The park’s boosters respond that the number of employees has doubled
in the past year. One of Haiti’s richest men, Richard Coles, is opening a
new factory to produce for Hanesbrands there. The park’s 10-megawatt
plant is providing electricity to more than 8,000 people in the
surrounding area under a pilot project run by a Beltway-based energy
cooperative, bypassing the weak national electric utility. Mark D’Sa, a
former Gap Inc. sourcing director who now works for the State
Department, laughed at the idea that anyone could evaluate Caracol’s
success or failure after only 2 ½ years. “It’s a half-baked idea that’s still
in the oven,” he says, approvingly.
But the workers have their own complaints, starting with pay. Aselyne
Jean-Gilles, 35, makes the minimum 225 gourdes a day, or about $4.75.
She says she spends $3.19 on food, plus 45 cents each way for a group
taxi that takes her from her home in Cap-Haïtien to a town where she
can catch a free shuttle to work. She does not have children yet. “If you
do, you can’t afford to do anything,” she says.
Inside, Sae-A’s three warehouses are kept reasonably comfortable by
giant fans. A disc jockey plays Haitian kompa music to keep workers
energized. Enormous U.S., Haitian and South Korean flags hang
overhead. Seamstresses sit in forward-facing rows, stitching and
passing forward Mossimo and Old Navy tops under the glow of red signs
that keep track of the daily “meta,” or quota (the signs were imported,
along with middle managers, from older Sae-A factories in Central
America, at least one of which closed as the Haiti project was opening).
Quality checkers stand all day at the end of the row, discarding clothes
unfit for export. “From 7 a.m. until 5 p.m., I stand and stand. I can’t sit
down,” says Tamara Pierre, a 22-year-old quality checker, rubbing her
visibly swollen ankles as she waits for a bus home.
Outside the park’s walls some 336 families say they were forced off the
land to make way for Caracol and were not compensated enough to
make up for the loss of livelihoods. It was good, productive farmland in a
deforested, hungry country—chosen by the park’s planners precisely
because of its access to a good water supply. The farmers’ claims are
hard to prove, in large part because Haitian land law is a mess. Five
years after it became clear that disputes over land tenure were halting
reconstruction after the quake, Haiti still lacks a functioning land
registry.
Park officials say the proper channels were followed and compensation
was more generous than it had to be. But the peasant farmers believe
that once again they were taken advantage of by unaccountable, distant
powers. “Mr. and Mrs. Clinton,” specifies Milostene Castin, an area
farmer and organizer with the community group Je Nan Je, or “Eye to
Eye,” “they have been there since the cornerstone was laid. I think they
have monetary interests and political interests in the park.”

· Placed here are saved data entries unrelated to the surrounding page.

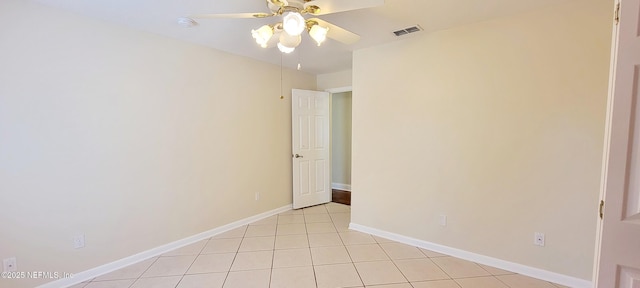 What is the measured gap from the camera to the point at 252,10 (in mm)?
2070

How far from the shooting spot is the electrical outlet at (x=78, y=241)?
7.13 feet

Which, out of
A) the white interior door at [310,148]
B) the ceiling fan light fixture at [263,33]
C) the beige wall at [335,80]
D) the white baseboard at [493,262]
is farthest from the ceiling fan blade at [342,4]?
the beige wall at [335,80]

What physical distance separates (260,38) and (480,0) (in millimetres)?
1743

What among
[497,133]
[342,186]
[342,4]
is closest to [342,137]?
[342,186]

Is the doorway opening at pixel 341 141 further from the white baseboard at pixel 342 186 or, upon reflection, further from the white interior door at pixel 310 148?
the white interior door at pixel 310 148

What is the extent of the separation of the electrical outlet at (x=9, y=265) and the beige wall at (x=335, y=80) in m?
4.04

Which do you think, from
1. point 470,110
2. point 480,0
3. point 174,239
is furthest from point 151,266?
point 480,0

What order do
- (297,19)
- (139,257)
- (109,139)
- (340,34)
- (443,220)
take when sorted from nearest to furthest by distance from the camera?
(297,19) < (340,34) < (109,139) < (139,257) < (443,220)

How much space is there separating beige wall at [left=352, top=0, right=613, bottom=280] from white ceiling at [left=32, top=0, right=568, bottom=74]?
210mm

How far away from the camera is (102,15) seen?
2193mm

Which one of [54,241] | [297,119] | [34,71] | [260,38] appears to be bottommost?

When I mentioned that President Clinton had apologized for harming
Haitian farmers in the past, Castin was unimpressed. “We call on them
to invest in the people, respect human rights and the law,” he says.
To many close observers of Haiti, the Clintons made the same mistake
that has been made for generations. Though striking a populist pose, in
practice they were attracted to power in Haiti, which meant making
alliances and friendships within the Haitian elite. “The strong push
toward Caracol is evidence of this,” says Robert Maguire, an expert on
development in Haiti and the director of The George Washington
University’s Latin American and Hemispheric Studies Program. Their
project responded not as much to the “more inclusive development
priorities pushed for by most Haitians and their government … but
rather to those supported by Haiti’s economic elites, who stood to
benefit the most from them.”
That does not mean that the Haitian elite are all fans of the Clintons. Far
from it. Many still smart over Bill’s decision to reinstate the overthrown
Aristide. Others are resentful of the power and money the Clintons
bring with them in their entourage, including billionaires like O’Brien
(who in turn have no love for the oligarchical power of the Haitian
import-export cartels). But infighting, the maneuvering of power and
political brinkmanship have long been tactics of the Haitian elite.
In a way, some whisper in Port-au-Prince, it’s as if the Clintons have
joined their ranks.
***
The Washington Post recently wrote that “the Clintons’ long
influence in Haiti is hard to overstate.” It’s indeed hard—but not
impossible. While the Clintons and their allies sometimes seem to be
omnipresent, they are not omnipotent. In part, that’s because, as a rule,
things in Haiti do not go as planned.
The Interim Haiti Recovery Commission closed shop in 2011, derided
for ineffectiveness and decisions “not necessarily aligned with Haitian
priorities,” according to the Government Accountability Office. In
December 2010, the IHRC’s Haitian members protested in a letter that
they were being sidelined by Clinton, Bellerive and major donors on the
board, including the U.S. representative to thecommission, Mills. “In
reality, Haitian members of the board have one role: to endorse the
decisions made by the Director and Executive Committee,” they wrote.
Washington was a bigger obstacle. Congress capped the U.S. money it let
the IHRC control at a comparatively tiny $120 million, and the Obama
administration then issued instructions on how the money had to be
spent. “That was the end of the trust fund as it was intended,” a former
senior Haitian commission official told me. (In a recent interview, Bill
Clinton told Town & Country that the IHRC was “incredibly
cumbersome.”)
Other allegations of double-dealing and pocket-lining have been based
on the dubious idea that the Clintons can do as they please in Haiti.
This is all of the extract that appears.